That's Cronos actually, ECCERobot gets legs.
posted by tellurian at 11:55 PM on August 18, 2009


From the video narration: "ECCERobot is able to interact with humans...in an inherently safe way."

For some reason, this statement was the exact opposite of comforting; it seems too rich with potential irony.
posted by davejay at 12:10 AM on August 19, 2009 [1 favorite]


Might also be called a puppet.
posted by StickyCarpet at 12:38 AM on August 19, 2009


The narrator also sounded quite robotic, with a very monotonous way of talking. Perhaps that was intentional , but it also added to the weirdness.
posted by a womble is an active kind of sloth at 5:45 AM on August 19, 2009


They built shoulders and a collarbone. And knees, and ankles. Seriously? We humans did not get the benefit of intelligent design in our construction. Shouldn't we at least give that consideration to our robots?

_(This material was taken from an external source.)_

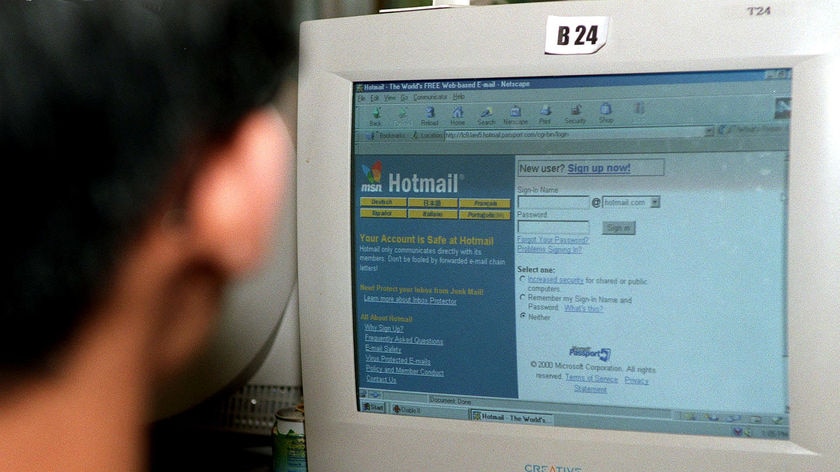 An unidentifiable man checks his hotmail email account in an internet cafe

Also, biomimetic polymetal would be nice.
posted by adamrice at 7:08 AM on August 19, 2009


I won't worry until they give it a chassis that looks like this.
posted by happyroach at 7:58 AM on August 19, 2009


The most striking thing to me is the jerky motions of the robot that are, in part, due to the problem of continuously rebalancing the body as its position changes, a skill we learn after 3 or 4 years of practice and become so proficient that the process is seamless and unconscious. That a highly sophisticated robot is so bad at it demonstrates the difficulty of the task.